- Theatrical release poster
- Directed by: Nick Grinde
- Screenplay by: Dwight V. Babcock Jerry Sackheim
- Story by: Francis K. Allan
- Produced by: Sidney Picker
- Starring: Robert Lowery June Storey Grant Withers Clarence Kolb Charles Gordon William Forrest
- Cinematography: Ernest Miller
- Edited by: Richard L. Van Enger
- Production company: Republic Pictures
- Distributed by: Republic Pictures
- Release date: July 4, 1945 (New York);
- Running time: 60 minutes
- Country: United States
- Language: English

= Road to Alcatraz =

1945 film by Nick Grinde

Road to Alcatraz is a 1945 American mystery film directed by Nick Grinde and written by Dwight V. Babcock and Jerry Sackheim.
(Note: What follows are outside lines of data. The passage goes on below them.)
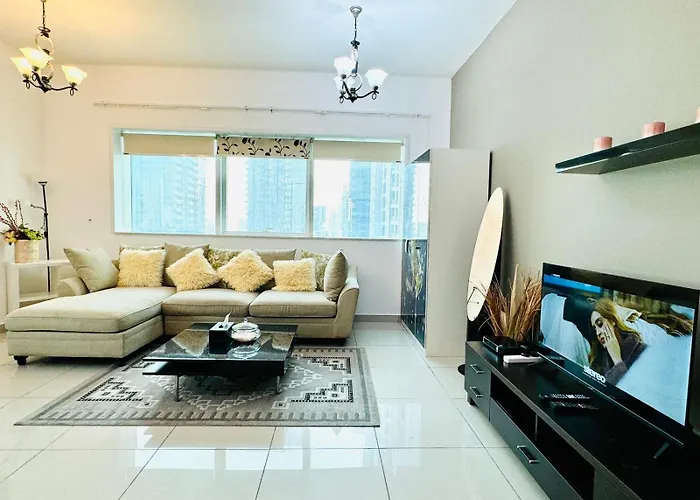 Casa de hóspedes: Private Rooms In 3 Bedroom Apartment Skynest Homes Marina Pinnacle
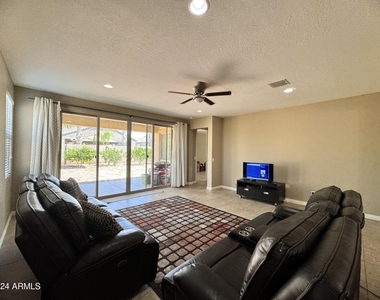 172 E Crescent Place - Photo Thumbnail 21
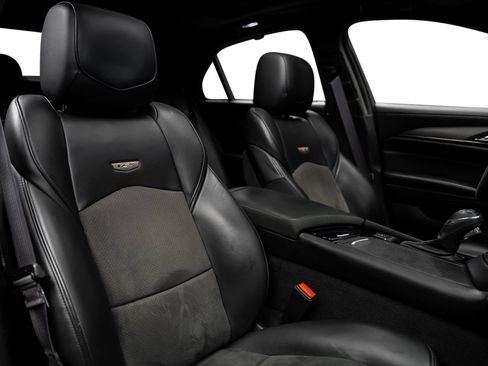 Used 2016 Cadillac CTS V w/ Carbon Fiber Package RWD image 38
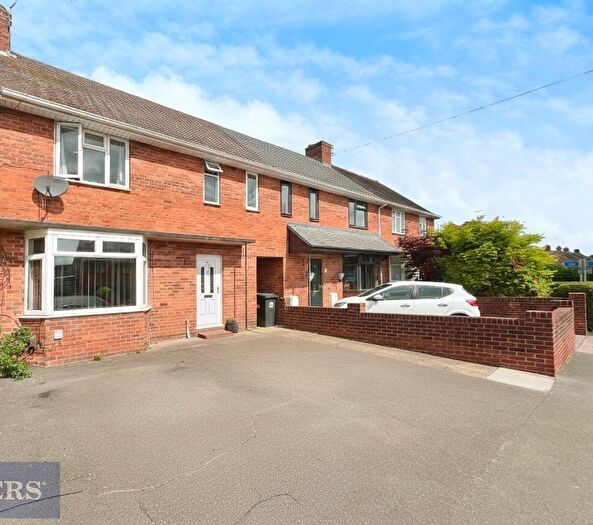 3 Bedroom Terraced House For Sale In Burnthouse Lane, Exeter, EX2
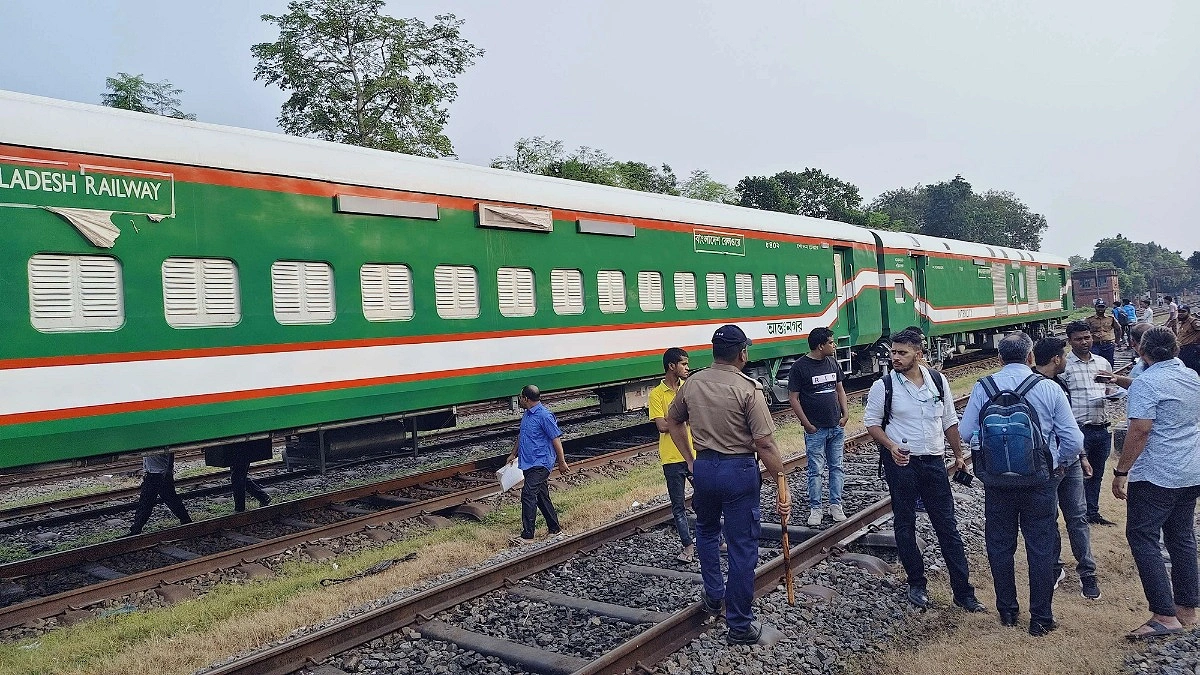 ভারত থেকে দর্শনা হয়ে বাংলাদেশে এলো ১৮ রেলকোচ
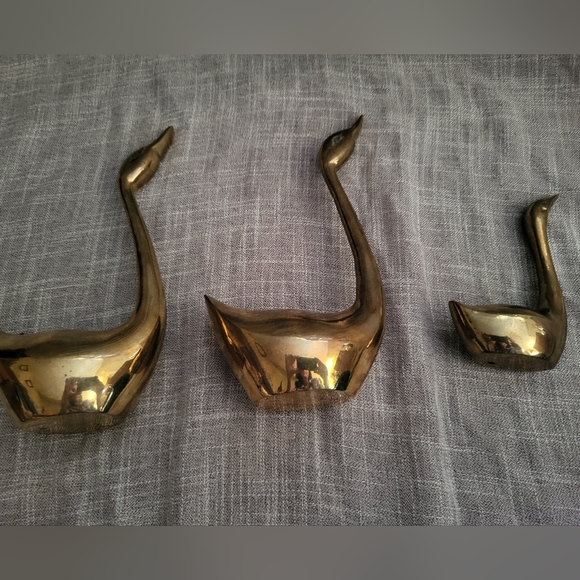 Vintage Brass Swan Figurine Set of 3 2 large 1 small northcraft - Picture 2 of 9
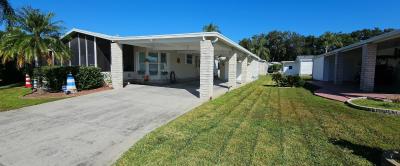 Photo 2 of 15 of home located at 650 Tulip Circle W Auburndale, FL 33823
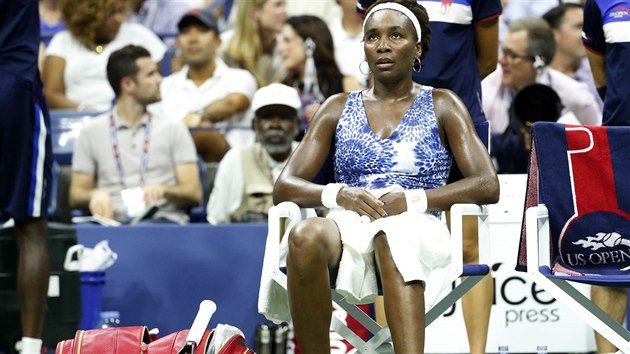 Venus Williamsov odpov bhem tvrtfinle US Open se sestrou Serenou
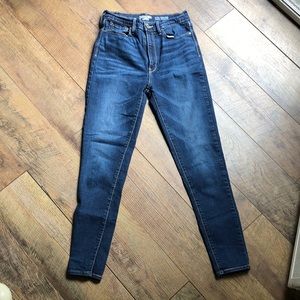Denizen Levi’s Hugh Rise Jeggings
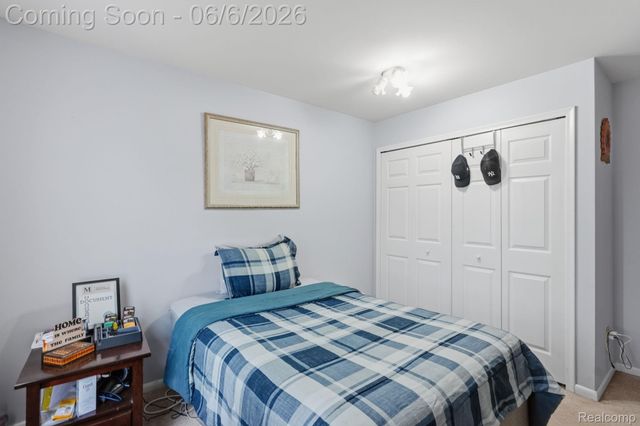 42321 Royal Lane, Clinton Charter Township, MI 48038
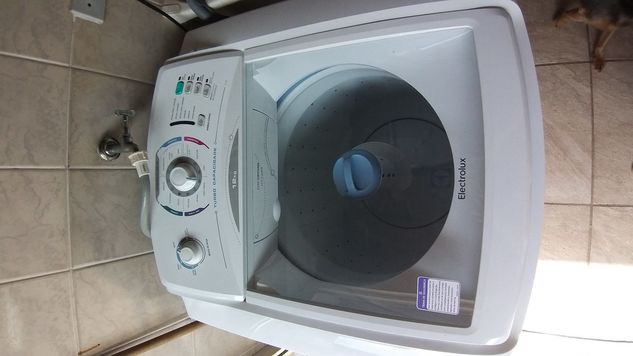 Máquina de Lavar Semi Nova 12kg
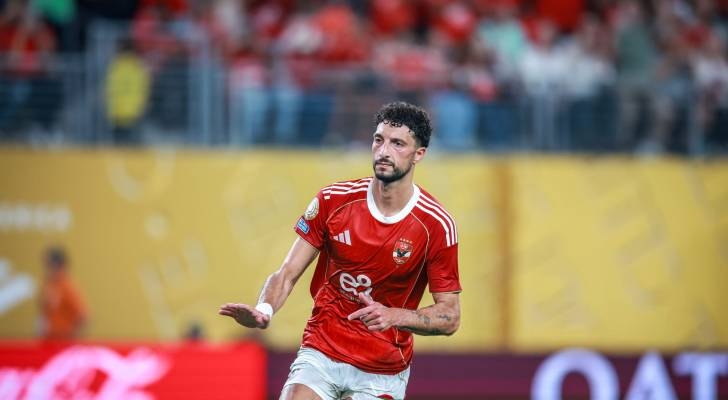 الأهلي يُنهي الجدل ويوافق على رحيل وسام أبو علي إلى كولومبوس كرو الأميركي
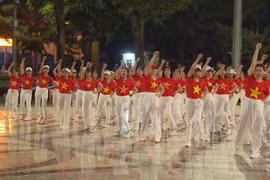 Chư Păh tổ chức giao lưu dân vũ thể thao chào mừng dịp kỷ niệm 30-4 và 1-5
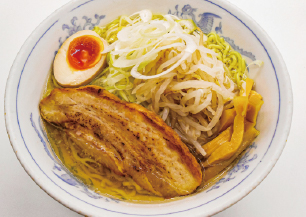 厚切りチャーシュー白醤油ラーメン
The film stars Robert Lowery, June Storey, Grant Withers, Clarence Kolb, Charles Gordon and William Forrest. It was released in July 1945 by Republic Pictures.

==Plot==

Young lawyer John Norton receives a telegram from old fraternity brother Gary Payne that informs him that an old investment has now turned profitable. Norton's wife Kit does not trust Payne, but they retire for the evening after a short discussion. The next morning, Norton has a bump on his head, and there is mysterious evidence that something is amiss. Showing signs of amnesia, Norton heads to his law partner Charles Cantrell's house, only to find evidence that he had murdered Cantrell. Police detective Inspector Craven suspects that there is more to the events than just Norton's memory loss. Eventually Norton confronts Payne, is shot, and the police arrive in time to save Norton and arrest Payne.

==Cast==
- Robert Lowery as John Norton
- June Storey as Kit Norton
- Grant Withers as Inspector Craven
- Clarence Kolb as Philip Angreet
- Charles Gordon as Gary Payne
- William Forrest as Charles Cantrell
- Iris Adrian as Louise Rogers
- Lillian Bronson as Dorothy Stone
- Harry Depp as House Manager
- Kenne Duncan as Servant

== Reception ==
A review in the Brooklyn Eagle called Road to Alcatraz a "murder mystery with a clever new twist".